LISTSERV at the University of Georgia
Menubar Imagemap
Home Browse Manage Request Manuals Register
Previous messageNext messagePrevious in topicNext in topicPrevious by same authorNext by same authorPrevious page (October 2003)Back to main SPSSX-L pageJoin or leave SPSSX-L (or change settings)ReplyPost a new messageSearchProportional fontNon-proportional font
Date:         Mon, 27 Oct 2003 10:11:09 +0100
Reply-To:     Spousta Jan <JSpousta@CSAS.CZ>
Sender:       "SPSSX(r) Discussion" <SPSSX-L@LISTSERV.UGA.EDU>
From:         Spousta Jan <JSpousta@CSAS.CZ>
Subject:      Re: workaround for clustering
Content-Type: text/plain; charset="iso-8859-1"

Dear Frank,

I would probably prefer your workaround B (try both B1 and B2). It can somehow use the information contained in the 70% of cases dropped in the first step.

I fear you are true in what you write about TwoStep. This procedure gives often very mysterious results of poor quality. If you think about bayesian clustering, you should perhaps try something other - e.g. AutoClass (a freeware from NASA).

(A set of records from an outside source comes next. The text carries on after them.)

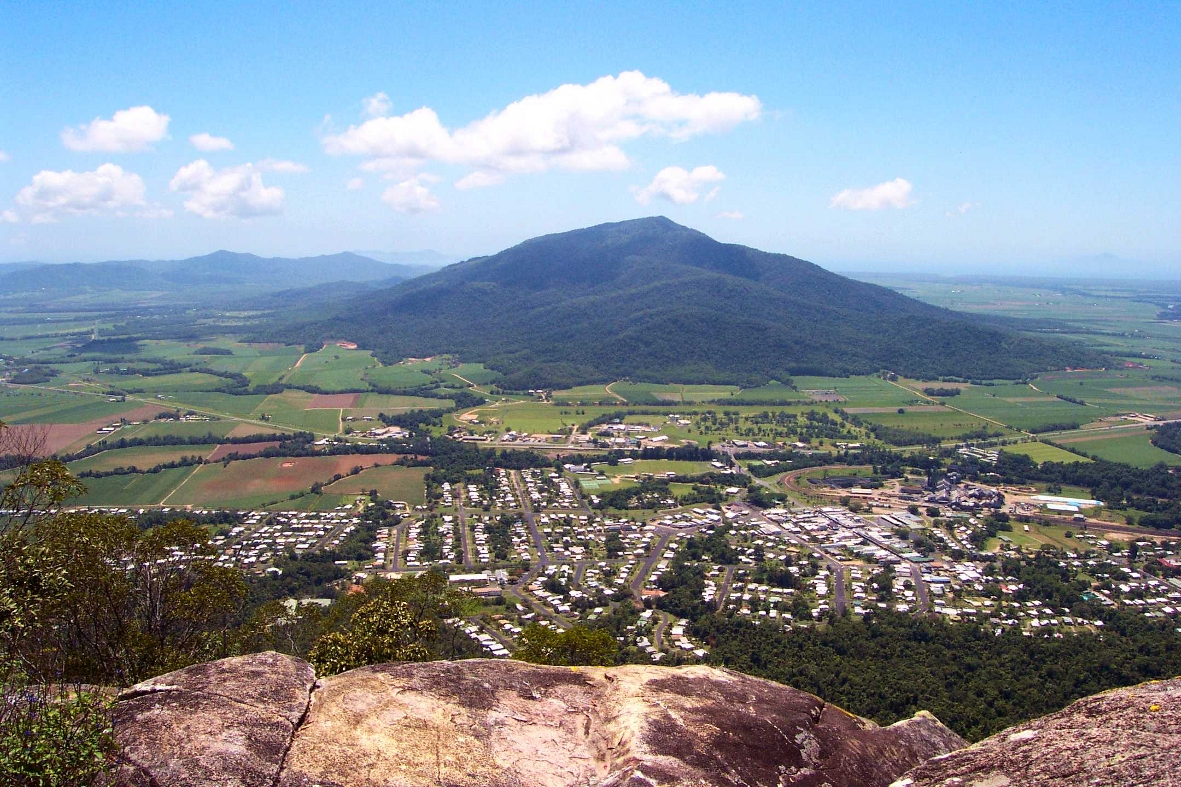 01 Tully & Mt Mackayfrom Mt Tyson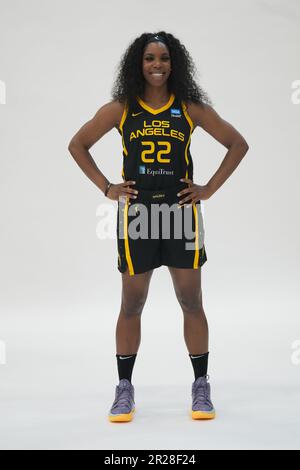 LA Sparks Forward Reshanda Gray (22) posiert während des Media Day, Donnerstag, 4. Mai 2023, in Torrance, Kalifornien (Kirby Lee Via AP) Stockfoto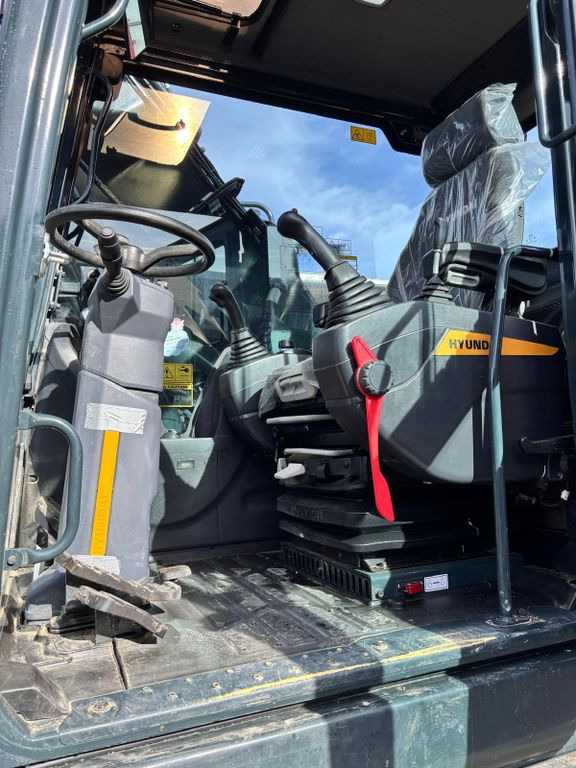 Hyundai HW170ACR Hyundai HW170ACR - حفار ذو عجلات: صورة 5 Hyundai HW170ACR Hyundai HW170ACR - حفار ذو عجلات: صورة 5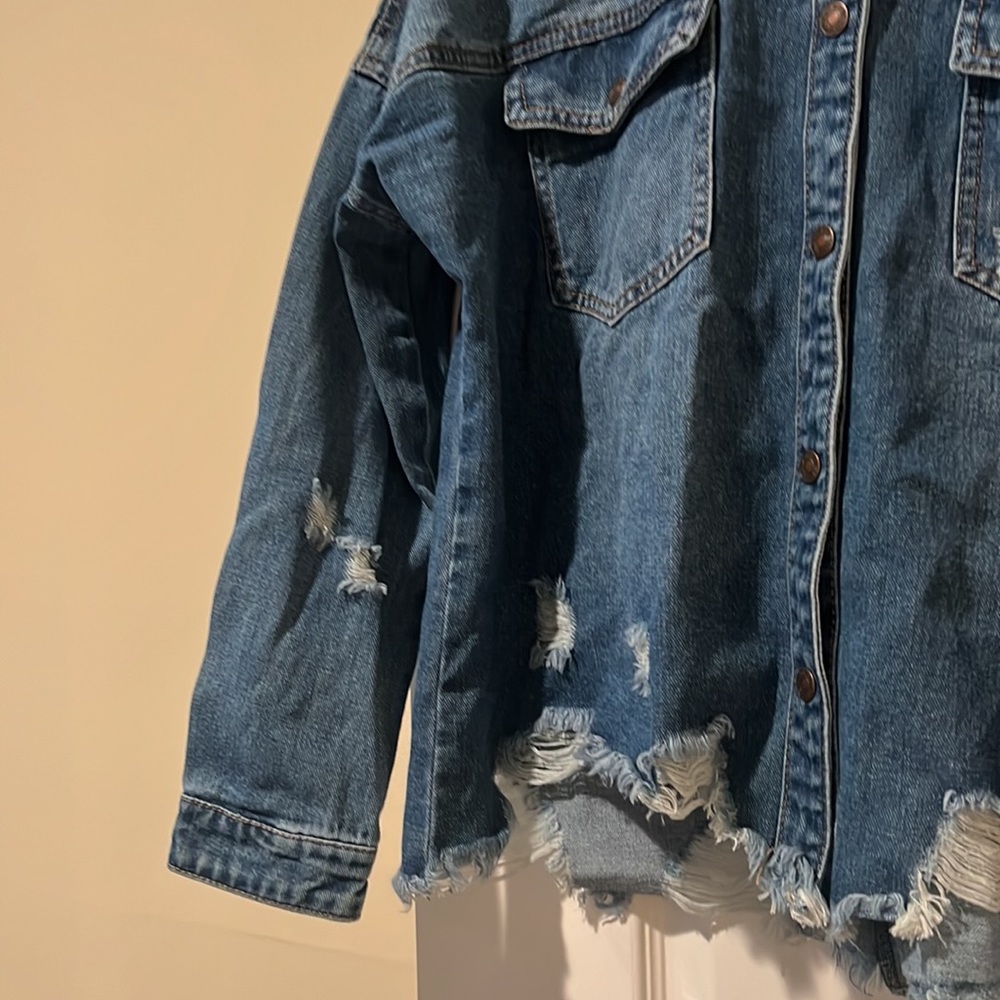 Distressed Jean Jacket - Picture 8 of 11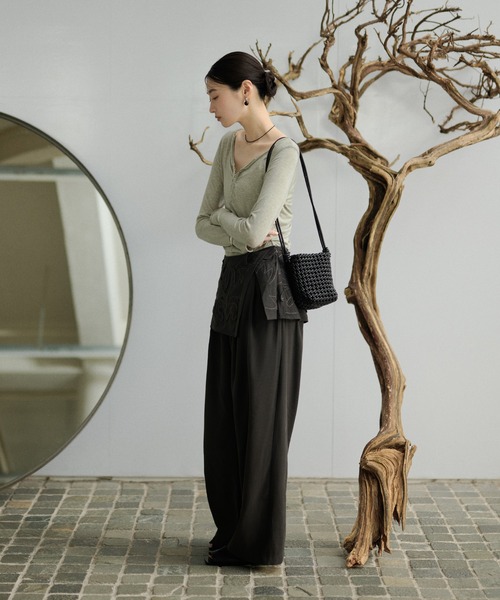 LAULEN(ローレン)の「embroidery wrap detail trousers(その他パンツ・レディース・グレー/ブラック/ベージュ・S/M)」の12枚目の写真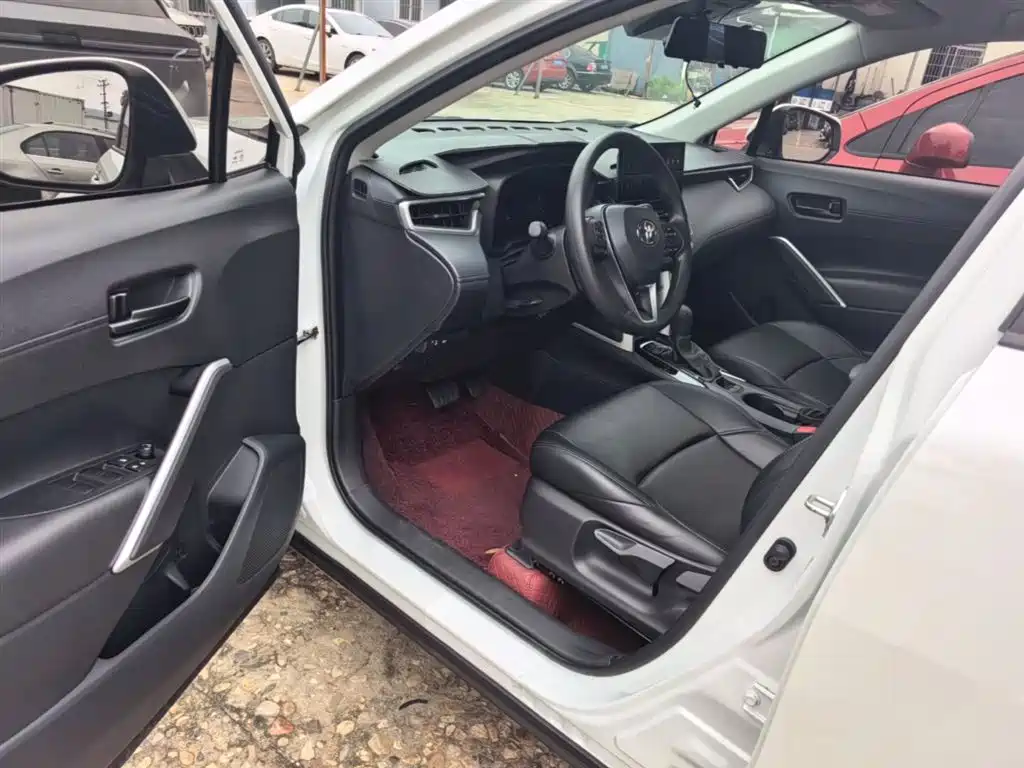 Toyota Frontlander 2024 2.0L CVT Leading Edition фото 16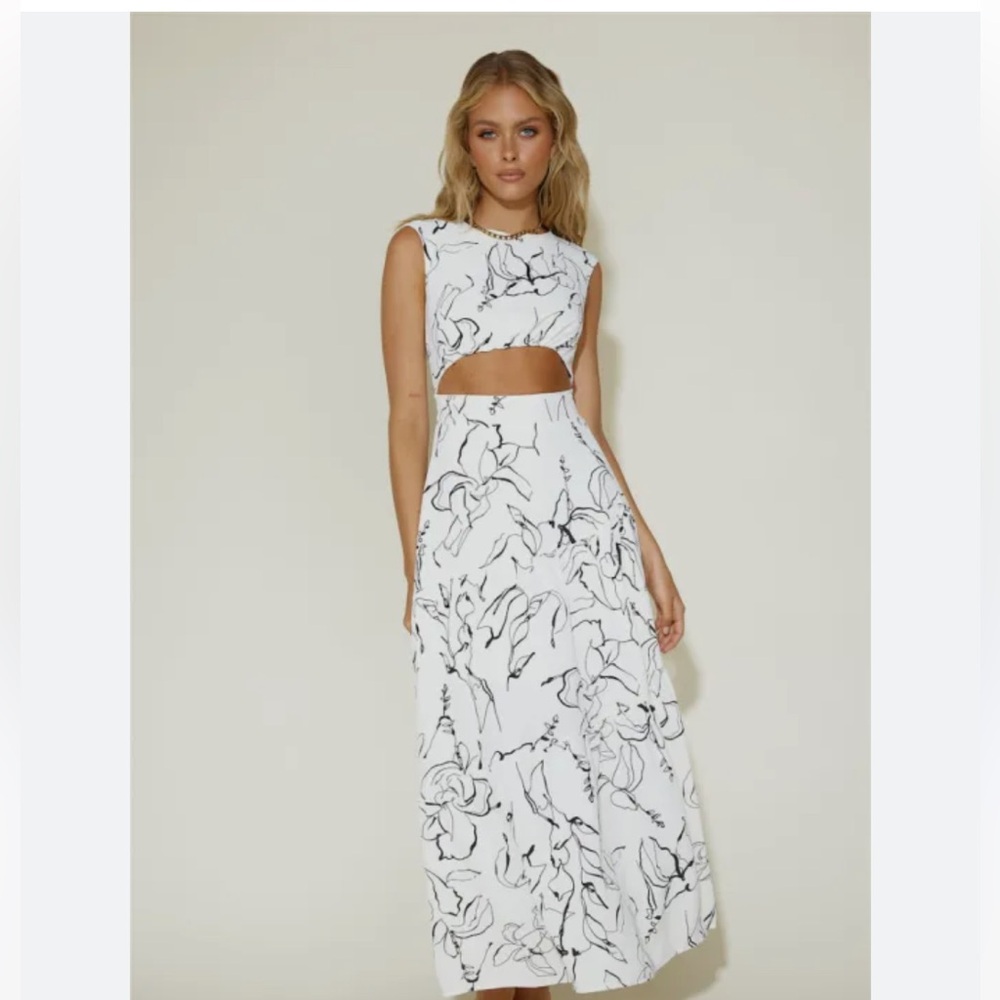 Moonlight Walks Maxi Dress White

http://ic-www.arc.nasa.gov/ic/projects/bayes-group/autoclass/

Does please somebody know how to work with TwoStep in real situations and how to obtain reliable results from it? I am going to make a segmentation of some 2,000,000+ clients of our bank in next months and I feel rather unlucky if I remember TwoStep, too.

Greetings

Jan

-----Original Message----- From: Frank Thomas [mailto:news.ftr@FREE.FR] Sent: Friday, October 24, 2003 7:27 PM To: SPSSX-L@LISTSERV.UGA.EDU Subject: workaround for clustering

Hi, and here comes the following problem, after having solved the first one with your help.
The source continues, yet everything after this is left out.